Nothing but the text should be carried over: reproduce all the data exactly and leave out every image.

▶ _EXCERPTED DATA_:
************
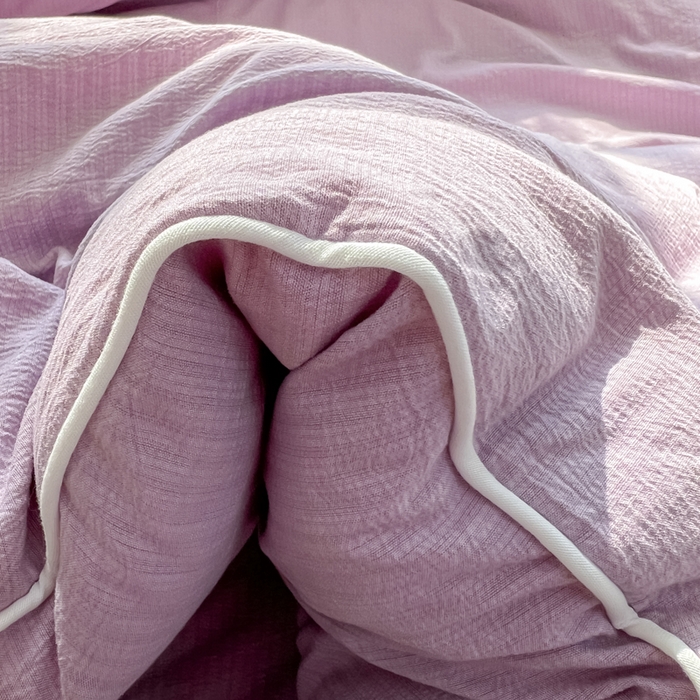 91家纺网 家纺一手货源 找家纺 漫仙阁家纺 2025年新款烫画糯糯棉被子春秋被冬被 单人双人被子 邻家女孩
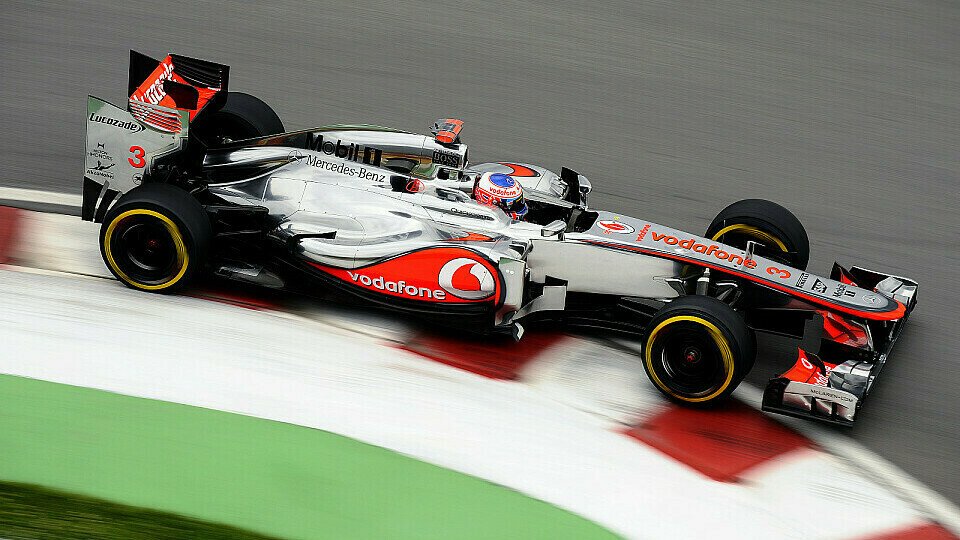 Jenson Buttons Probleme stellen McLaren noch vor Rätsel, Foto: Sutton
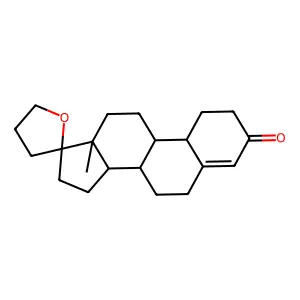 Compound C21H30O2 structure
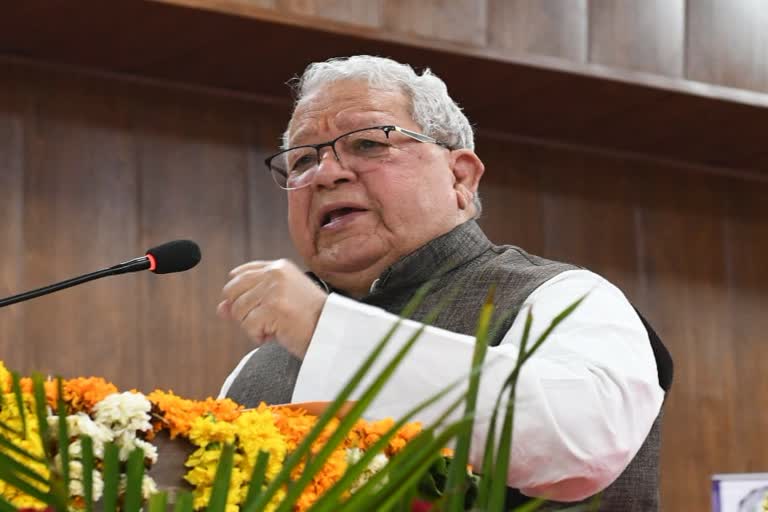 Governor Kalraj Mishra,  organic farming is better for human and soil health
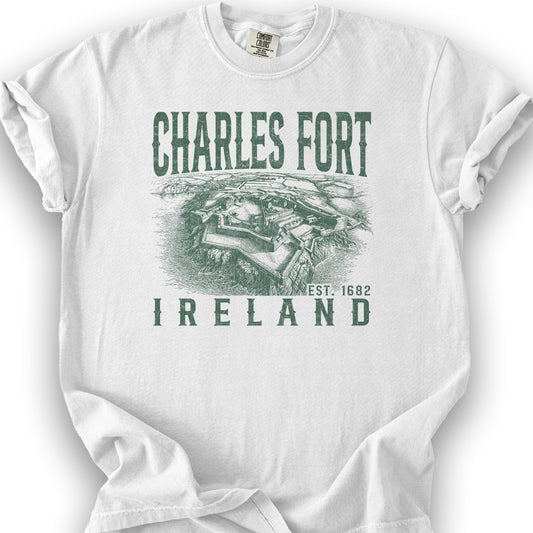 Charles Fort Ireland T-Shirt - White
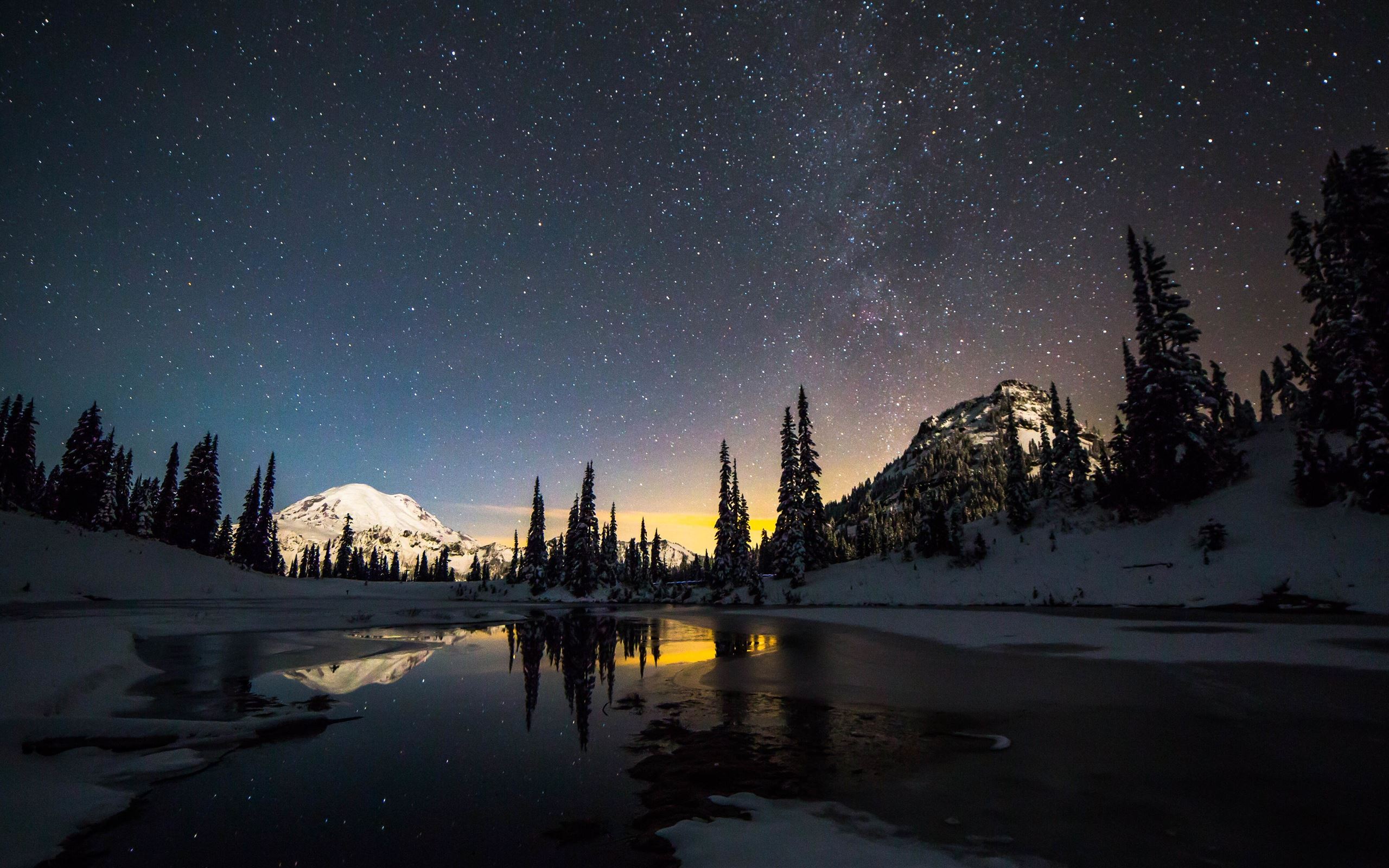 stars galaxy space 5k MacBook Air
************
▶ _RESULT FOR THIS TASK_:
 91家纺网 家纺一手货源 找家纺 漫仙阁家纺 2025年新款烫画糯糯棉被子春秋被冬被 单人双人被子 邻家女孩
 Jenson Buttons Probleme stellen McLaren noch vor Rätsel, Foto: Sutton
 Compound C21H30O2 structure
 Governor Kalraj Mishra,  organic farming is better for human and soil health
 Charles Fort Ireland T-Shirt - White
 stars galaxy space 5k MacBook Air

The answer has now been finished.